(Beginning of Materials provided)
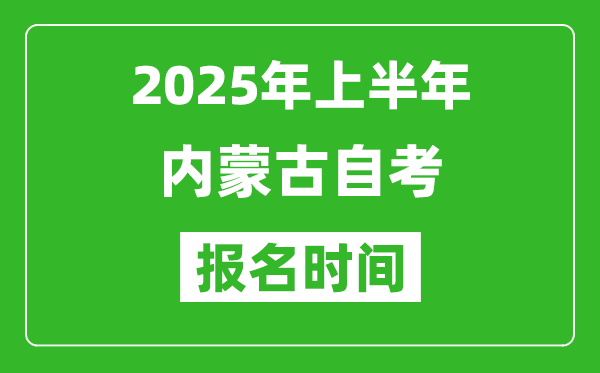 2025年上半年內(nèi)蒙古自考報(bào)名時間,內(nèi)蒙古自考報(bào)名什么時候截止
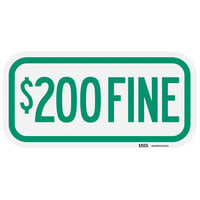 Lavex "$200 Fine" Reflective Green Aluminum Sign - 12" x 6"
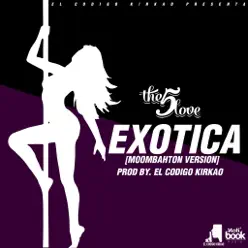 Exotica (Moombahton Version) - Single - The 5 Love Exotica (Moombahton Version) - Single - The 5 Love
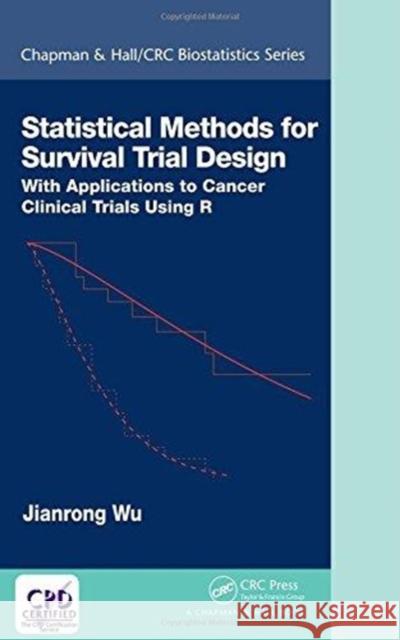 Statistical Methods for Survival Trial Design: With Applications to Cancer Clinical Trials Using R Jianrong Wu 9781138033221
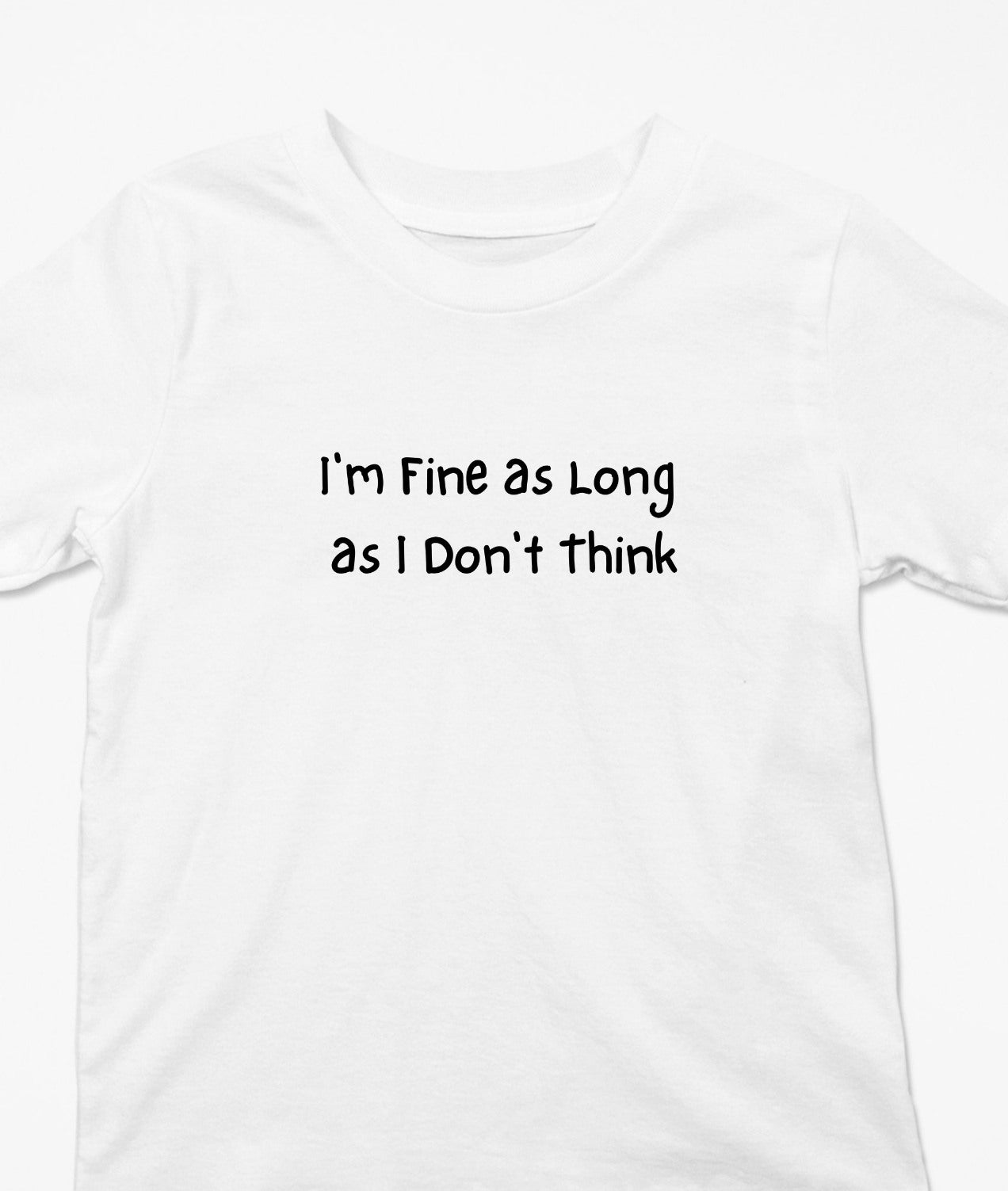 I'm Fine as Long as I Don't Think T-Shirt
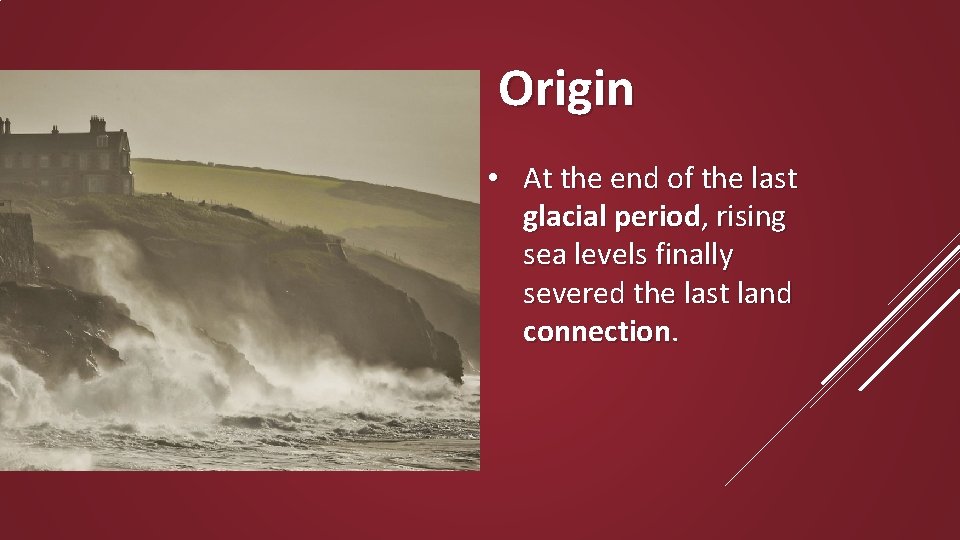 Origin • At the end of the last glacial period, rising sea levels finally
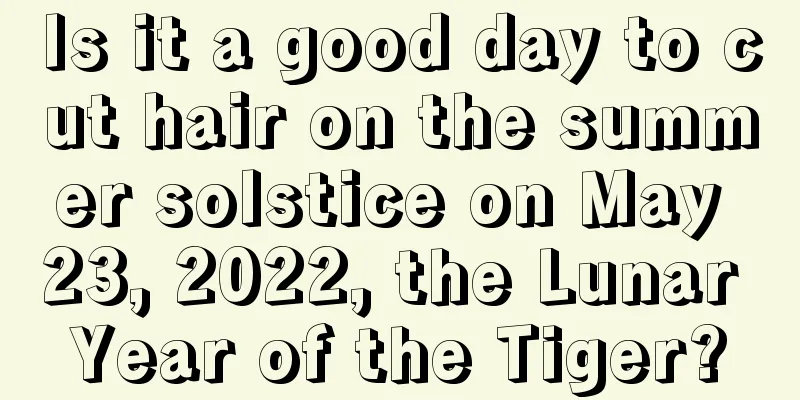 Is it a good day to cut hair on the summer solstice on May 23, 2022, the Lunar Year of the Tiger?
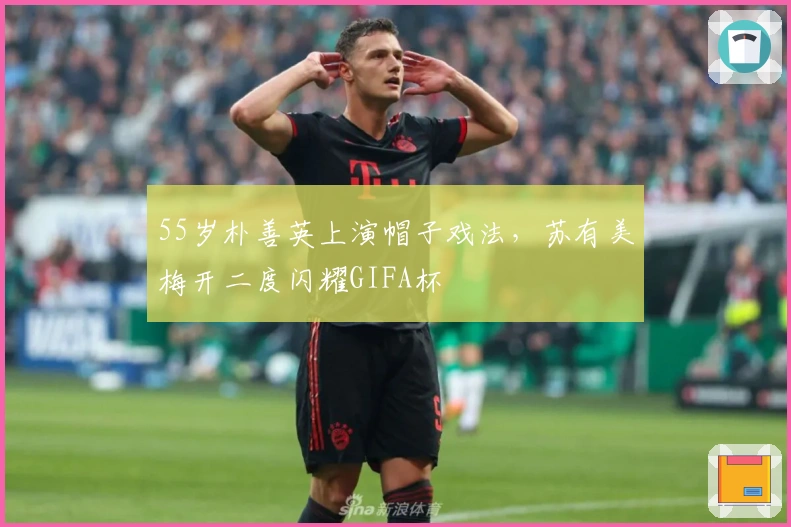 55岁朴善英上演帽子戏法，苏有美梅开二度闪耀GIFA杯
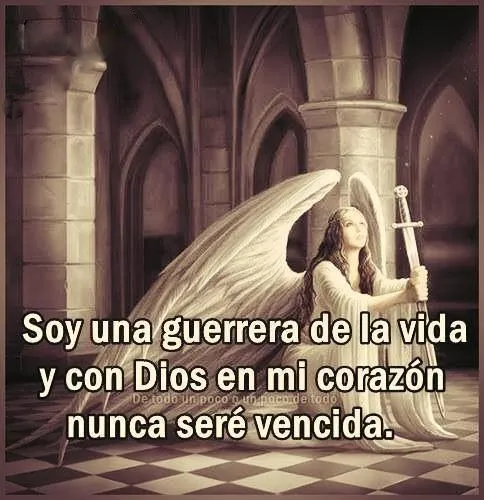 Soy una guerrera de la vida y con Dios en mi corazón nunca seré ...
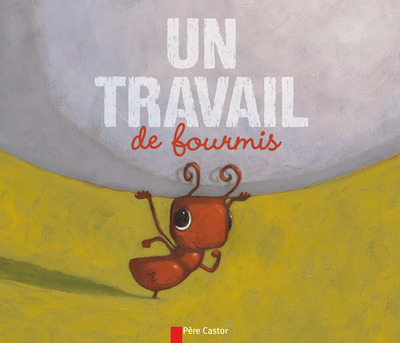 TRAVAIL DE FOURMIS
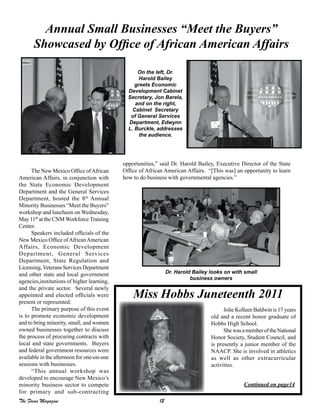 12The Focus Magazine
The New Mexico Office ofAfrican
American Affairs, in conjunction with
the State Economic Development
Department and the General Services
Department, hosted the 8th
Annual
Minority Businesses “Meet the Buyers”
workshop and luncheon on Wednesday,
May 11th
at the CNM Workforce Training
Center.
Speakers included officials of the
New Mexico Office ofAfricanAmerican
Affairs, Economic Development
Department, General Services
Department, State Regulation and
Licensing, Veterans Services Department
and other state and local government
agencies,institutions of higher learning,
and the private sector. Several newly
appointed and elected officials were
present or represented.
The primary purpose of this event
is to promote economic development
and to bring minority, small, and women
owned businesses together to discuss
the process of procuring contracts with
local and state governments. Buyers
and federal government resources were
available in the afternoon for one-on-one
sessions with businesses.
“This annual workshop was
developed to encourage New Mexico’s
minority business sector to compete
for primary and sub-contracting
Annual Small Businesses “Meet the Buyers”
Showcased by Office of African American Affairs
opportunities,” said Dr. Harold Bailey, Executive Director of the State
Office of African American Affairs. “[This was] an opportunity to learn
how to do business with governmental agencies.”
Miss Hobbs Juneteenth 2011
Jolie Kolleen Baldwin is 17 years
old and a recent honor graduate of
Hobbs High School.
ShewasamemberoftheNational
Honor Society, Student Council, and
is presently a junior member of the
NAACP. She is involved in athletics
as well as other extracurricular
activities.
Continued on page14
On the left, Dr.
Harold Bailey
greets Economic
Development Cabinet
Secretary, Jon Barela,
and on the right,
Cabinet Secretary
of General Services
Department, Edwynn
L. Burckle, addresses
the audience.
Dr. Harold Bailey looks on with small
business owners
 
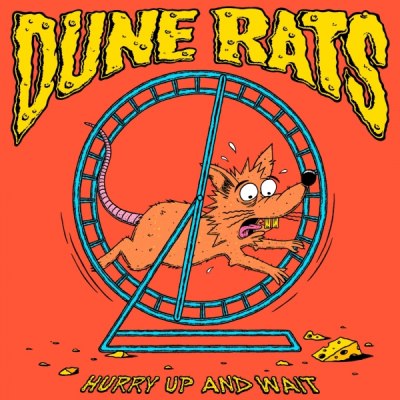 DUNE RATS – HURRY UP AND WAIT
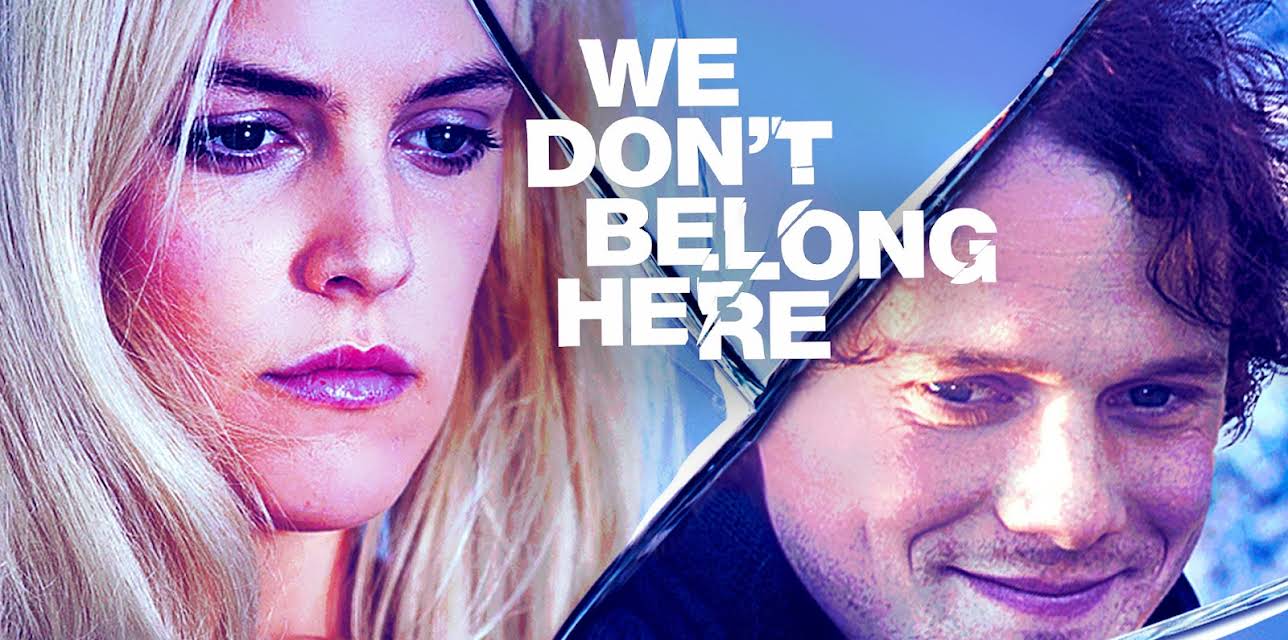 We Don't Belong Here (2017)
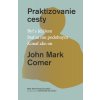 Praktizovanie cesty (John Mark Comer)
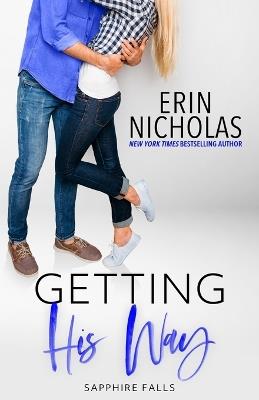 Getting His Way (Sapphire Falls) - Erin Nicholas - cover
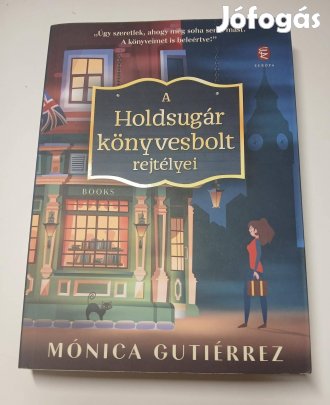 Mónica Gutiérrez - A Holdsugár könyvesbolt rejtélyei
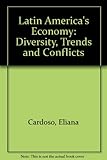 Latin America's economy : diversity, trends, and conflicts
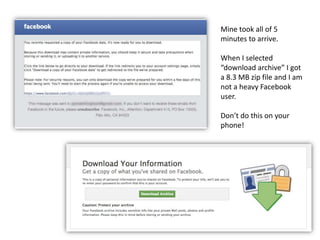 Mine took all of 5
minutes to arrive.
When I selected
“download archive” I got
a 8.3 MB zip file and I am
not a heavy Facebook
user.
Don’t do this on your
phone!
 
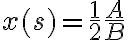 x(s)=\frac{1}{2}\frac{A}{B}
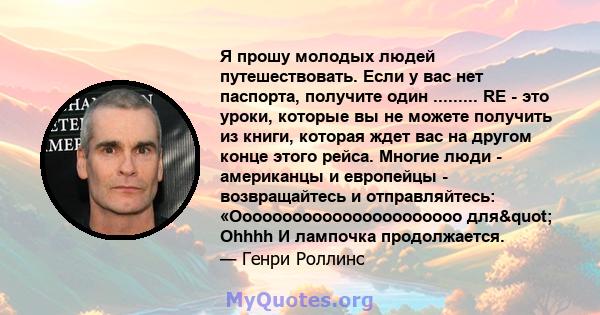 Я прошу молодых людей путешествовать. Если у вас нет паспорта, получите один ......... RE - это уроки, которые вы не можете получить из книги, которая ждет вас на другом конце этого рейса. Многие люди - американцы и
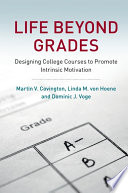 Life beyond grades : designing college courses to promote intrinsic motivation /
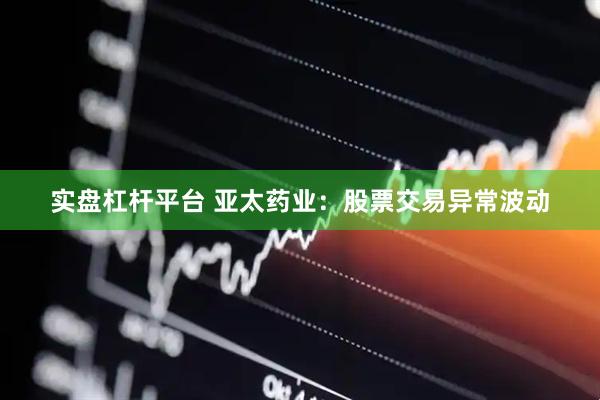 实盘杠杆平台 亚太药业：股票交易异常波动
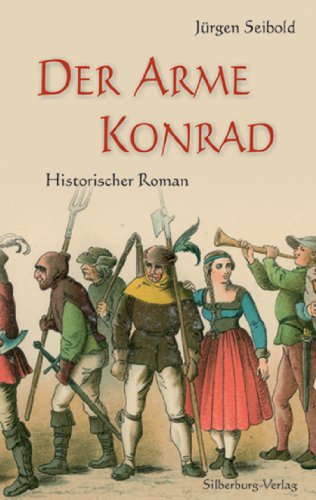 Der Arme Konrad von Jürgen Seibold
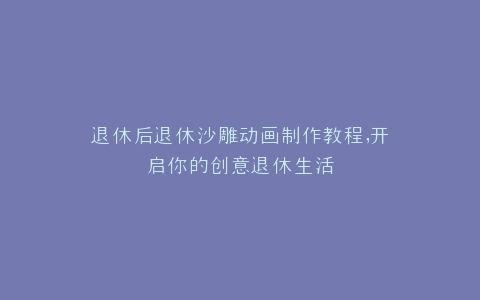 退休后退休沙雕动画制作教程,开启你的创意退休生活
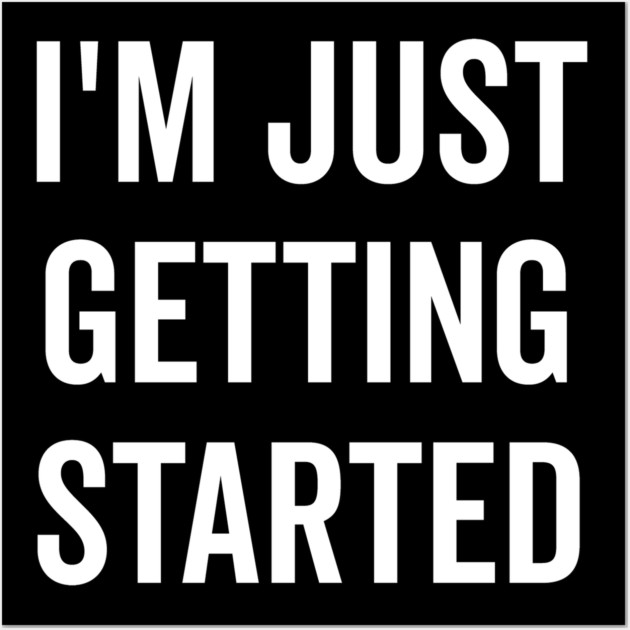 I’m Just Getting Started Wall Art by Frank Ring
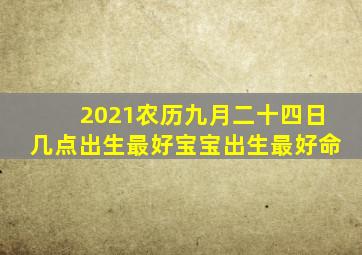 2021农历九月二十四日几点出生最好宝宝出生最好命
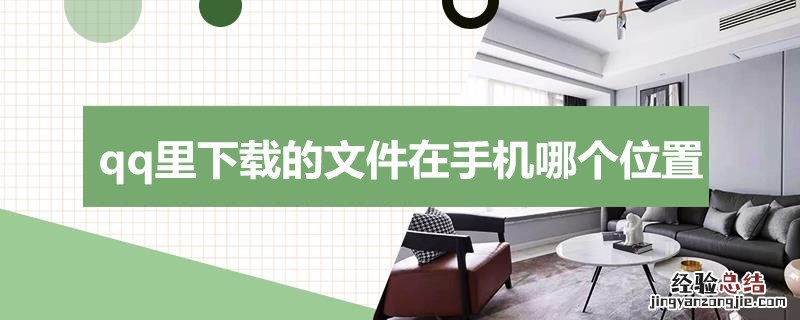 qq下载的文件在手机哪个地方 qq里下载的文件在手机哪个位置
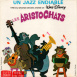 Les Aristochats "Un Jazz Endiablé"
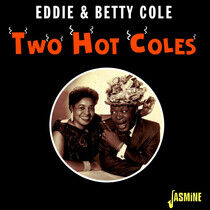 Cole, Eddie & Betty - Two Hot Coles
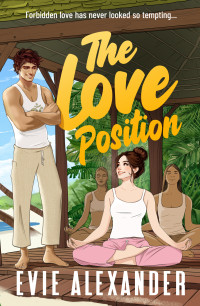 Evie Alexander — The Love Position: A Forbidden Love, Forced Proximity, Steamy Romantic Comedy (Foxbrooke Book 4)
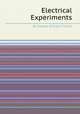 Electrical Experiments, By George William Francis 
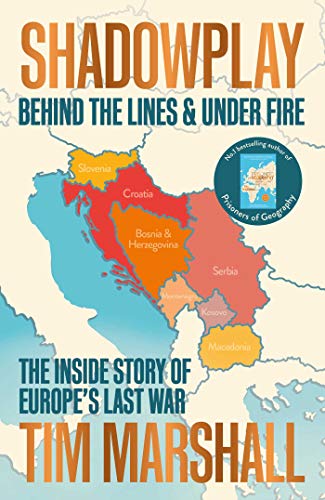 Shadowplay: Behind the Lines and Under Fire: The Inside Story of Europe's Last War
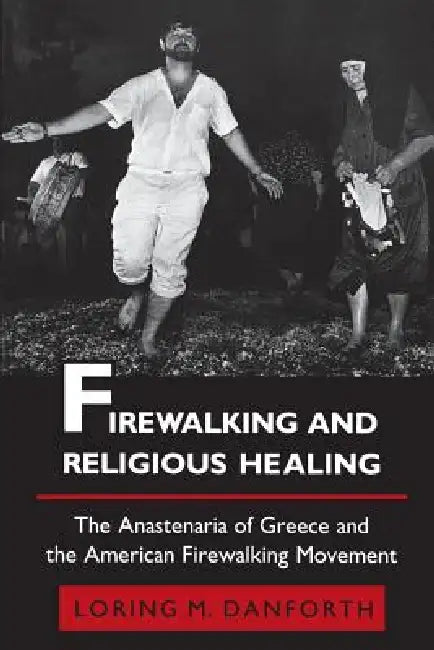Firewalking and Religious Healing: The Anastenaria of Greece and the American Firewalking Movement by Loring M. Danforth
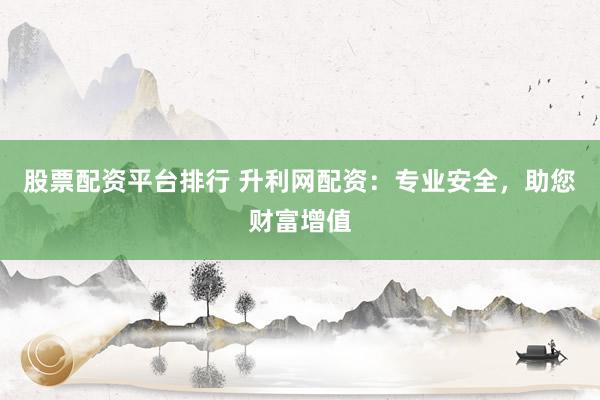 股票配资平台排行 升利网配资：专业安全，助您财富增值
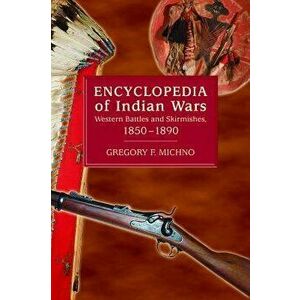 Encyclopedia of Indian Wars: Western Battles and Skirmishes, 1850-1890, Paperback - Gregory F. Michno imagine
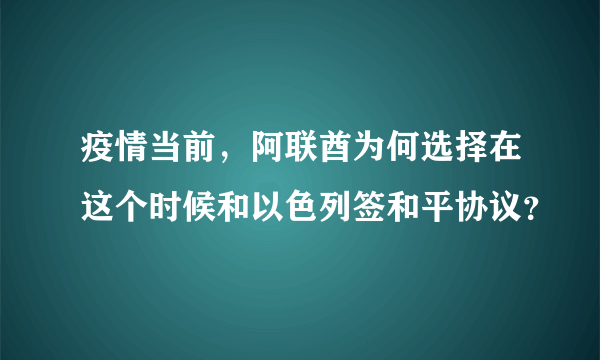 疫情当前，阿联酋为何选择在这个时候和以色列签和平协议？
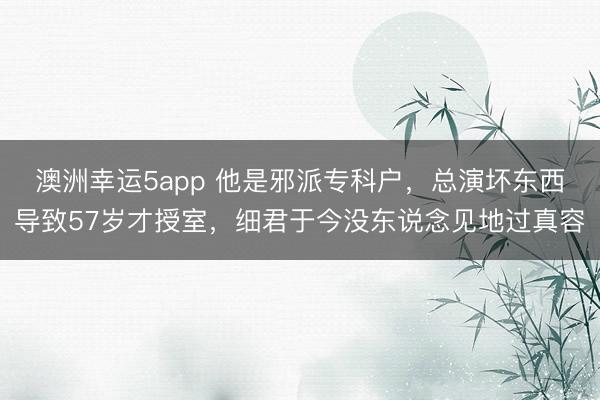 澳洲幸运5app 他是邪派专科户，总演坏东西导致57岁才授室，细君于今没东说念见地过真容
(End of Materials provided)
◆ **Instructions for the task**:
Beginning at the line with "NAACP. She is involved in athletics", reproduce each line exactly through the last line of the records above, with pictures left out.

◆ **Task response**:
NAACP. She is involved in athletics
as well as other extracurricular
activities.
Continued on page14
On the left, Dr.
Harold Bailey
greets Economic
Development Cabinet
Secretary, Jon Barela,
and on the right,
Cabinet Secretary
of General Services
Department, Edwynn
L. Burckle, addresses
the audience.
Dr. Harold Bailey looks on with small
business owners
 
 DUNE RATS – HURRY UP AND WAIT
 We Don't Belong Here (2017)
 Praktizovanie cesty (John Mark Comer)
 Getting His Way (Sapphire Falls) - Erin Nicholas - cover
 Mónica Gutiérrez - A Holdsugár könyvesbolt rejtélyei
 Latin America's economy : diversity, trends, and conflicts
 Mine took all of 5
minutes to arrive.
When I selected
“download archive” I got
a 8.3 MB zip file and I am
not a heavy Facebook
user.
Don’t do this on your
phone!
 
 x(s)=\frac{1}{2}\frac{A}{B}
 Я прошу молодых людей путешествовать. Если у вас нет паспорта, получите один ......... RE - это уроки, которые вы не можете получить из книги, которая ждет вас на другом конце этого рейса. Многие люди - американцы и
 Life beyond grades : designing college courses to promote intrinsic motivation /
 实盘杠杆平台 亚太药业：股票交易异常波动
 Der Arme Konrad von Jürgen Seibold
 退休后退休沙雕动画制作教程,开启你的创意退休生活
 I’m Just Getting Started Wall Art by Frank Ring
 2021农历九月二十四日几点出生最好宝宝出生最好命
 qq下载的文件在手机哪个地方 qq里下载的文件在手机哪个位置
 Les Aristochats "Un Jazz Endiablé"
 Cole, Eddie & Betty - Two Hot Coles
 Evie Alexander — The Love Position: A Forbidden Love, Forced Proximity, Steamy Romantic Comedy (Foxbrooke Book 4)
 Electrical Experiments, By George William Francis 
 Shadowplay: Behind the Lines and Under Fire: The Inside Story of Europe's Last War
Firewalking and Religious Healing: The Anastenaria of Greece and the American Firewalking Movement by Loring M. Danforth
 股票配资平台排行 升利网配资：专业安全，助您财富增值
 Encyclopedia of Indian Wars: Western Battles and Skirmishes, 1850-1890, Paperback - Gregory F. Michno imagine
 疫情当前，阿联酋为何选择在这个时候和以色列签和平协议？
 澳洲幸运5app 他是邪派专科户，总演坏东西导致57岁才授室，细君于今没东说念见地过真容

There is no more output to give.